で、香川さんは警視正のパソコンを取りに行くために部屋を出て行き、その間西島さんがなんとはなしに香川さんのデスクを見ると見覚えのある「用心棒封筒」がそこにあったもんだからこの封筒の持ち主=ボスから履歴書を受け取った人物=組織のイヌだと気付いたと。そこで西島さんは香川さんが戻ってくるのを待たず黙って姿を消したと。その理由はイヌである香川さんにパスワードを教えてしまった以上自分のデータは消されるだろうし、そしたら自分が潜入である証明も出来なくなるどころかボス殺しの罪を被せられこのまま逮捕されるかもしれないと考えたからってことでいいのかなぁ。例え複数の人間が自分の潜入捜査官であるという訴えを聞いたとしても、香川さんが一言「警視正のデータに該当するものはなかった」と言えばそれで終わりなわけだし。
(でも西島さんにだって警察学校に通ってた時代はあるだろうし、警察官として実務を行わずいきなり潜入になったわけじゃないだろうから警察官としての西島さんを知る“同期”や“元同僚”がいるはずで、その人たちに確かめれば現在の身分保証はできないまでも心証的にある程度のところまでは証明できそうなもんだけどね)
他の捜査官が西島さん=潜入だと聞いてたんじゃないかと思う理由の補足として、香川さんの部屋(警察署内)から西島さんが恐らく誰にも見とがめられずに逃げられたであろうこともあるよね。もし西島さんが表向きの立場である組長の右腕とされる人物としてあの場にいたのであれば警察署はおろか刑事部屋から逃げ出すのも難しかったわけだから。となるとやっぱり関係者の間では西島さんは潜入捜査官であるとある程度のところまでは認められてたんじゃないのかなーと。あとは警視正のデータで確認するのみだったと。
で、香川さんはまず倉庫で警視正のパソコンにパスワードを打ち込み西島さんが本当に潜入捜査官であることを確認したわけだよね。で、そのパソコンを持って部屋に戻ったら西島さんはいなくなってて机の上に変化があって、その瞬間自分が警察に潜り込んだイヌだと知られたことに気付いたと。で、その後西島さんのデータを抹消するかどうか逡巡したのち、エンターキーを押したと。
この流れと、西島さんが部屋にいないと知った瞬間の驚きの表情、データを抹消する時の苦悩の表情からして香川さんは西島さんを警察に戻すつもりでいたんだと思うのよね。だとすると身分を証明する唯一のチャンスを西島さんは自らの判断ミスでもって潰してしまったわけで、その理由は警察官に戻れると浮かれちゃったからってことになろうわけで、えーーーーー、なんかちょっと・・・西島さんやっちゃったな的な?(笑)。
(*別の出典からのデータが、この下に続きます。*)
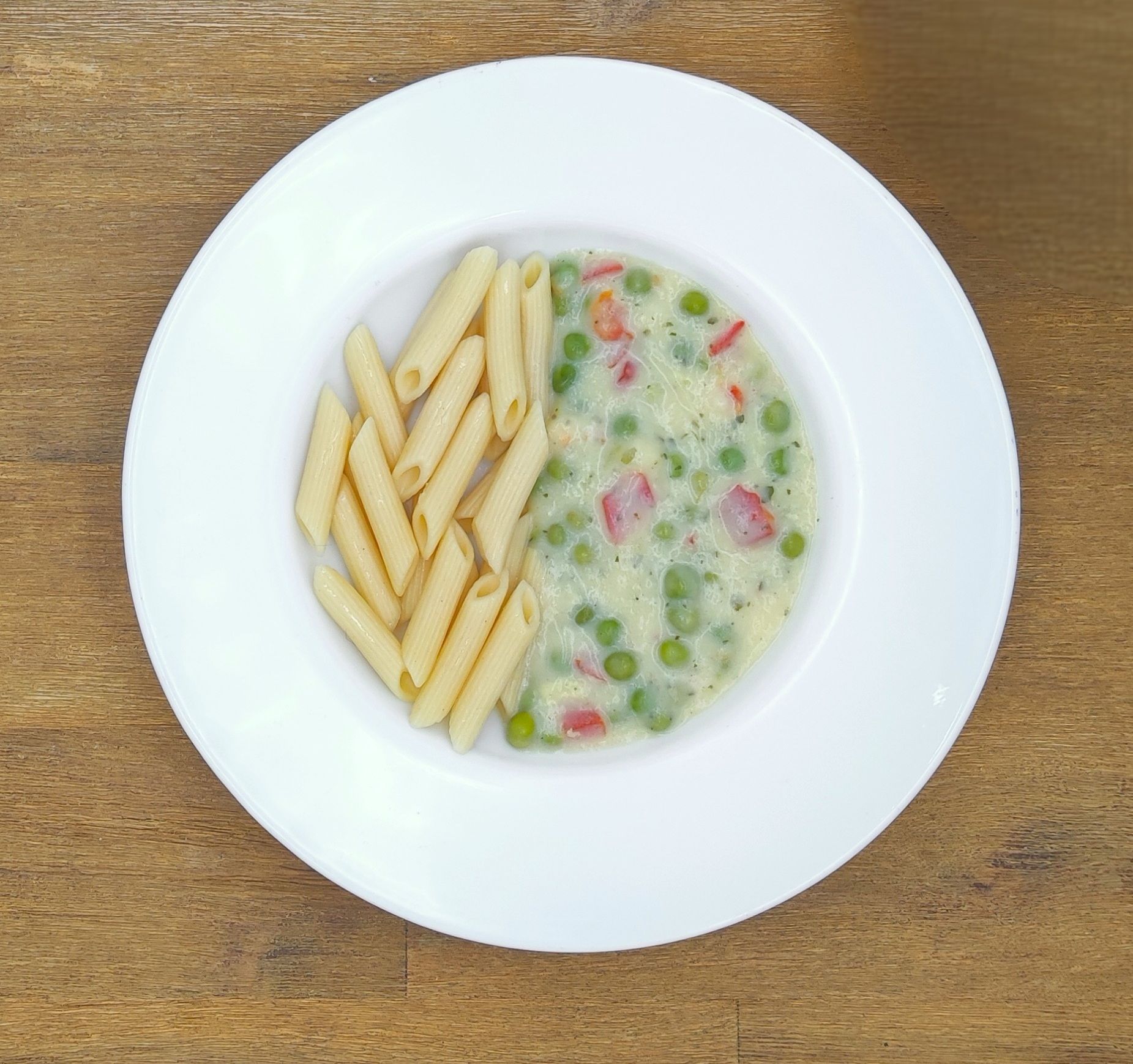 Weißer Teller mit Farfalle-Nudeln und Orangensauce, bestreut mit geriebenem Käse.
ていうか結果的に警察はヤクザ西島さんの「俺は潜入だ」発言に騙されたばかりか警察署内から逃げられてしまったということになるわけで、さっすが神奈川県警!!(笑)。
まぁ捜査(内部)情報がヤクザに漏れてることは明らかで、イヌが誰かを調べるならばそれはあの時捜査本部にいなかった者(情報を知ることができなかった者)にすべきだろうに、香川さんにその任務を与えてる時点でダメすぎるんですけどね(笑)。
最終対決の場面は高橋光臣(以下チーフ)が香川さんと同じく組織から送り込まれたイヌだと知ってたもんで、チーフが現れた瞬間の絶望ったらなかったわー。なんでよりによってこいつに連絡したんだ西島さん!!って頭抱えたもんw。
で、チーフ最大の見せ場であるエレベーターでの射殺シーンね・・・。チーフ腕良すぎやで・・・・・・。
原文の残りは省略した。